Published On
13 February 2025
Tags
dematerialisation, companiesact
Authors
Abhik Ghosh (Partner)
Over four months after the expiry of the deadline given under Rule 9B of the Companies (Prospectus and Allotment of Securities) Rules, 2014 (PAS Rules) for private companies (other than small companies and producer companies) to facilitate the dematerialisation of their securities, the Ministry of Corporate Affairs (MCA) has on 12 February 2025 issued an amendment to the PAS Rules, extending the timeline for compliance with Rule 9B until 30 June 2025.
Rule 9B was inserted in the PAS Rules on 27 October 2023, making it mandatory for private companies (other than small companies) to facilitate dematerialisation of their securities by 30 September 2024, though an extension was subsequently granted for producer companies.
Rule 9B also made it mandatory for all security issuances by a private company after 30 September 2024 to be in dematerialised form, and prohibited any security issuances (including rights and bonus issues) and buybacks after this date unless the entire security holding of the company’s promoters, directors and key managerial personnel had been dematerialised. Further, existing security holders were required to dematerialise their securities in order to be able to transfer them or to acquire fresh securities, whether by way of private placement, bonus issue or rights issue.
A similar requirement had been introduced for unlisted public companies by way of Rule 9A of the PAS Rules, which was inserted on 10 September 2018 and made effective from 2 October 2018. While notifying Rule 9B, the MCA did not clarify the intent behind requiring private companies to compulsorily dematerialise their securities, or the rationale for not excluding wholly owned subsidiaries from the ambit of Rule 9B, even though such an exclusion had been made under Rule 9A.
Though considerably more generous than the transition period available to unlisted public companies under Rule 9A, as 30 September 2024 approached it was evident that the transition period provided under Rule 9B would prove to be insufficient, as depositories struggled to cope with the volume of ISIN creation and dematerialisation requests.
As a consequence, even where requests were submitted in advance of 30 September 2024, private companies were restricted, on account of the timelines for processing of ISIN creation and dematerialisation requests getting extended and growing increasingly uncertain, from undertaking fresh issuances or permitted bona fide share transfers.
Given the difficulties being faced by private companies in achieving compliance with Rule 9B, the extension till 30 June 2025 is a welcome step by the MCA. In an unusual step, the MCA notification includes an explanatory memorandum which declares that by issuing the notification with retrospective effect, the interest of no person would be adversely affected. The amendment to the PAS Rules is stated to be effective from the date of publication in the Official Gazette (i.e., 12 February 2025), and so it is unclear why a reference has been made to an issuance with retrospective effect.

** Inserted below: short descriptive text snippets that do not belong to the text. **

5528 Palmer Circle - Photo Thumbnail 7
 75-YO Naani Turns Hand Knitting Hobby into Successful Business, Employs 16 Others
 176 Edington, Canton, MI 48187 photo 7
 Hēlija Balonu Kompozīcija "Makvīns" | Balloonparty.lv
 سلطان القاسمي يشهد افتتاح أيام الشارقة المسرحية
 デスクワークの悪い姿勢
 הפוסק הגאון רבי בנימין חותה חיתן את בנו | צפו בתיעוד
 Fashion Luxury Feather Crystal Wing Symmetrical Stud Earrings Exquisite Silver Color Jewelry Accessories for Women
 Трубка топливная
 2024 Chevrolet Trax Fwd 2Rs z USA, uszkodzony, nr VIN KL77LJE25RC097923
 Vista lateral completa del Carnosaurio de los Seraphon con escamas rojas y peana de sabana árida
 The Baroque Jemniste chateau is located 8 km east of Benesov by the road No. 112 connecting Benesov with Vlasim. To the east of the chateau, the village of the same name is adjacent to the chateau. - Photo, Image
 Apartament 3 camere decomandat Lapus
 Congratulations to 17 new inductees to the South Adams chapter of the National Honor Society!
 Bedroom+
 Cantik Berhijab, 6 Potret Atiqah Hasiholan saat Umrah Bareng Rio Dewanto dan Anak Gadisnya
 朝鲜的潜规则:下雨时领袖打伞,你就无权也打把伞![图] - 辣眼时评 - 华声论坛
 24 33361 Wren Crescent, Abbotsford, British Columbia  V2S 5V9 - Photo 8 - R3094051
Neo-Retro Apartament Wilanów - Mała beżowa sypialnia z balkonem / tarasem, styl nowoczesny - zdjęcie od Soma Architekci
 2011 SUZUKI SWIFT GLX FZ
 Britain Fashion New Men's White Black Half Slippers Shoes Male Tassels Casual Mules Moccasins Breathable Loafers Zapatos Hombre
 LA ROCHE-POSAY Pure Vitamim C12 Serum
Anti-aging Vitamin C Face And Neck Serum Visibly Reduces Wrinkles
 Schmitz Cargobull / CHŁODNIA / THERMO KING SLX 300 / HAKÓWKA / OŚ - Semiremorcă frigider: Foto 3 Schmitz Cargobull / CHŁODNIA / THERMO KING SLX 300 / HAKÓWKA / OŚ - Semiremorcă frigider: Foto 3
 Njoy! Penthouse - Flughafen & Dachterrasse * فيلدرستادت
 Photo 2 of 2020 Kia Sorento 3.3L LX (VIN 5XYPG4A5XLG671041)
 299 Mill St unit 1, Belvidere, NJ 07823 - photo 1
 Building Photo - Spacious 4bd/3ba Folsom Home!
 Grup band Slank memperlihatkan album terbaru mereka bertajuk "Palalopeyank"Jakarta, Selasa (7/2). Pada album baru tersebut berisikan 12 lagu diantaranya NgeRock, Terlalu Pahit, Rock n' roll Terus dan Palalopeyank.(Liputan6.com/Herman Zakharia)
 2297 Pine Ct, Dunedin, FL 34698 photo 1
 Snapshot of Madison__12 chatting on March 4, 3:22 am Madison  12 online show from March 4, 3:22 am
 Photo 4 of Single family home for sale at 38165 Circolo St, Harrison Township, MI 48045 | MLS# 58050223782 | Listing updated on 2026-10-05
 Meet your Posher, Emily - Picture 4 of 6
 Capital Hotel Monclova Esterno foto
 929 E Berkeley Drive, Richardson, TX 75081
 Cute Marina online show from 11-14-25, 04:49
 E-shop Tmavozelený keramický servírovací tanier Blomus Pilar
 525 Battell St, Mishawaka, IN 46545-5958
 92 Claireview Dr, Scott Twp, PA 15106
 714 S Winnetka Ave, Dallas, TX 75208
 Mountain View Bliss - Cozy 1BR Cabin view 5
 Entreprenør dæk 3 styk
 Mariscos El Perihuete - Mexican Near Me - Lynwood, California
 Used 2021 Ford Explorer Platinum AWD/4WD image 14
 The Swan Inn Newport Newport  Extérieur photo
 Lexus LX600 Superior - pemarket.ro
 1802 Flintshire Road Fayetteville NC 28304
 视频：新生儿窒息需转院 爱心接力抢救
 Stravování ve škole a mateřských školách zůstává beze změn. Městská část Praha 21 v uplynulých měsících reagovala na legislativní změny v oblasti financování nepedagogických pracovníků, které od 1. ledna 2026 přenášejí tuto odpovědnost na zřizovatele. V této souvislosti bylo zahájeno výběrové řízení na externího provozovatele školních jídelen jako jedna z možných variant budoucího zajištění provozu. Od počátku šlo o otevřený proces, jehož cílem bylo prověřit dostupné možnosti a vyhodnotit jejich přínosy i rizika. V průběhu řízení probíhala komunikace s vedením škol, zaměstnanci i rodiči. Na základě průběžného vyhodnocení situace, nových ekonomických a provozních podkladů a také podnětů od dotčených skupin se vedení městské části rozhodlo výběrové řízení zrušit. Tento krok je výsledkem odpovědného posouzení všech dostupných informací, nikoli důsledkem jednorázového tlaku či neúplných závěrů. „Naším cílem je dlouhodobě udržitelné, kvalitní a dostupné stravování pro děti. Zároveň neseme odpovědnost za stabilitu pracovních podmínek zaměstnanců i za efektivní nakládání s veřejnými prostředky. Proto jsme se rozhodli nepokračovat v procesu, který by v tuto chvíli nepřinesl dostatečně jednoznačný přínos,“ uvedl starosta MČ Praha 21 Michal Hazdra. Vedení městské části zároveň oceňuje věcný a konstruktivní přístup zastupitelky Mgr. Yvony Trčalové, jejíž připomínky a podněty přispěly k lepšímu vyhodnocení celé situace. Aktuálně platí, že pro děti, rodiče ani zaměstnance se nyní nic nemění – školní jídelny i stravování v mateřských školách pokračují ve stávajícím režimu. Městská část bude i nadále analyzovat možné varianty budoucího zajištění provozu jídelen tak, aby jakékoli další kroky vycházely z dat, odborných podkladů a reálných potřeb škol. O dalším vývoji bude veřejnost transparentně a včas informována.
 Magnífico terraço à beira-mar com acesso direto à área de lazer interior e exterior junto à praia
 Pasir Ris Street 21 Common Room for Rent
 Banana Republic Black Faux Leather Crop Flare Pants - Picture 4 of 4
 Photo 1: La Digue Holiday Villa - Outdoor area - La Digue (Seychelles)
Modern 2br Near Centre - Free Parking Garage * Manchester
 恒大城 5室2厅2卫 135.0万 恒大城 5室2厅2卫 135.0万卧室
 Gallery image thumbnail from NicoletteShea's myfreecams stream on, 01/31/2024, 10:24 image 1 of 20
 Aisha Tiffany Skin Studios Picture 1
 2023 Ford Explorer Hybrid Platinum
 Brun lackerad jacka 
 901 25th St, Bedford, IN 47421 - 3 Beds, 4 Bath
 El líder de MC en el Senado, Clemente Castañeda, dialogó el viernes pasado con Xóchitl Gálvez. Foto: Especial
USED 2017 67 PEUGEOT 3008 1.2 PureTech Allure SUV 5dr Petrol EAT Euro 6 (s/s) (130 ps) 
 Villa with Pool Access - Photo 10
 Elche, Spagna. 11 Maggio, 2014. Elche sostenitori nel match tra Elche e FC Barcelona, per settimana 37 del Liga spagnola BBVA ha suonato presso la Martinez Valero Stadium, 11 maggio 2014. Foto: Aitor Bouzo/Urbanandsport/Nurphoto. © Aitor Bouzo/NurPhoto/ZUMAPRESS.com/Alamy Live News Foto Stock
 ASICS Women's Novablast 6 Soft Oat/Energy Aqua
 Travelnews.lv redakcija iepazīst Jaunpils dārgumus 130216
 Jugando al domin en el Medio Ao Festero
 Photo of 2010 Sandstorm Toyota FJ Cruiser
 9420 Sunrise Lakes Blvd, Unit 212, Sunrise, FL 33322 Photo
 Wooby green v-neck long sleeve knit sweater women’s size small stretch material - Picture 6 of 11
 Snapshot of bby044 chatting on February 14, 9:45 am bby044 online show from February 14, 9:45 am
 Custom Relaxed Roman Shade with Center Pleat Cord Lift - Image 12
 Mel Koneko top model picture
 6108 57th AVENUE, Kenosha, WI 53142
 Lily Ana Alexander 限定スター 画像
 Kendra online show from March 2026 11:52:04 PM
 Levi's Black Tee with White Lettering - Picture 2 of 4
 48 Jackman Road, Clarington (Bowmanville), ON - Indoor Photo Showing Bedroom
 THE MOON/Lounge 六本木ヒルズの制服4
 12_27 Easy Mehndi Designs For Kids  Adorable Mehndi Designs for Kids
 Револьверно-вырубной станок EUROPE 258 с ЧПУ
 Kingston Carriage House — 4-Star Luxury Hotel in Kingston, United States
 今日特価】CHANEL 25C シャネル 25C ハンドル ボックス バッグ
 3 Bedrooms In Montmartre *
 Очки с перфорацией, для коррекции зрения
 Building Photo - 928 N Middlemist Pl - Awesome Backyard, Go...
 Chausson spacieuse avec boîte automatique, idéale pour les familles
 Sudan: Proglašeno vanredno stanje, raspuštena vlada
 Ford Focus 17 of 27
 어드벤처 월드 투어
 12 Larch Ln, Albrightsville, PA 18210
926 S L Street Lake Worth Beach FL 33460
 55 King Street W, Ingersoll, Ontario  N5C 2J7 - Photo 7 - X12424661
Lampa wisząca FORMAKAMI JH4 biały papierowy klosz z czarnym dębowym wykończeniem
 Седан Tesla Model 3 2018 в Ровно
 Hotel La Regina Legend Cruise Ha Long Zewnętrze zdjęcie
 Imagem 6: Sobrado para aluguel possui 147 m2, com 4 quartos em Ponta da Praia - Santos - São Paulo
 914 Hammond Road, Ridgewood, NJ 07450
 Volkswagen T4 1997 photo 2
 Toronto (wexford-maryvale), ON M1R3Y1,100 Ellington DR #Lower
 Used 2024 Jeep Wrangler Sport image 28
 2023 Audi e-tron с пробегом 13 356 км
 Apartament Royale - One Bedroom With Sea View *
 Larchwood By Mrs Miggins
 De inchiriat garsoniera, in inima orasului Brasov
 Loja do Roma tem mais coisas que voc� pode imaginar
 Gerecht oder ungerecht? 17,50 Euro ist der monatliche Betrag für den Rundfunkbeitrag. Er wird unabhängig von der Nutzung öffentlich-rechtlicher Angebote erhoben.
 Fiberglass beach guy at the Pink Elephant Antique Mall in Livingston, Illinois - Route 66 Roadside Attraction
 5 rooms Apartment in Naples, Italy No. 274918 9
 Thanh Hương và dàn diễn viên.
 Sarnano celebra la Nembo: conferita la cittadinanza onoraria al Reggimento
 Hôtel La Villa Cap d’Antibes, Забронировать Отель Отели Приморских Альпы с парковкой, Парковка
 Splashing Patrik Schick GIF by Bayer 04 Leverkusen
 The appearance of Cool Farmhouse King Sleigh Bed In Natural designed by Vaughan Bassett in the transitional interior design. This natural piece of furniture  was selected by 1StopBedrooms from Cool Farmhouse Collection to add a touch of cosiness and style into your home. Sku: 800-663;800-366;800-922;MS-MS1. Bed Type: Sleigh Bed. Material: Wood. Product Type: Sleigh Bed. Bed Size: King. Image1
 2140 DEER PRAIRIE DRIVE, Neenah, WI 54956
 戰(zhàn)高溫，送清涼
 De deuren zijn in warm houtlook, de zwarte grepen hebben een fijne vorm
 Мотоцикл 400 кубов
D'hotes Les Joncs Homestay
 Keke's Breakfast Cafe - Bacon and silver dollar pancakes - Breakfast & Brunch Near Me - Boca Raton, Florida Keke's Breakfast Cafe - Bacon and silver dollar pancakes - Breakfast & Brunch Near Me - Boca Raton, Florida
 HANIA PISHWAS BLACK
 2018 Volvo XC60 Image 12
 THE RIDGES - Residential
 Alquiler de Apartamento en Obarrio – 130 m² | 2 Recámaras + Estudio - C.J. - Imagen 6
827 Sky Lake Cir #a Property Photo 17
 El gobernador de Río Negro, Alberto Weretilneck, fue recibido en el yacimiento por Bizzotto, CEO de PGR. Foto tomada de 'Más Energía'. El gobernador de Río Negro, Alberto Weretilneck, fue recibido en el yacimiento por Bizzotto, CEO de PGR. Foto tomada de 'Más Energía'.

While it should be fair to assume that this amendment means that no action would be taken for contravention of Rule 9B by private companies that had not facilitated the dematerialisation of their securities by 30 September 2024, or which undertook share issuances or buybacks while the securities of their promoters, directors or key managerial personnel remained in physical form, or which permitted existing security holders to transfer existing securities or acquire new securities before dematerialising their existing securities, a specific clarification to this effect by the MCA would be welcome.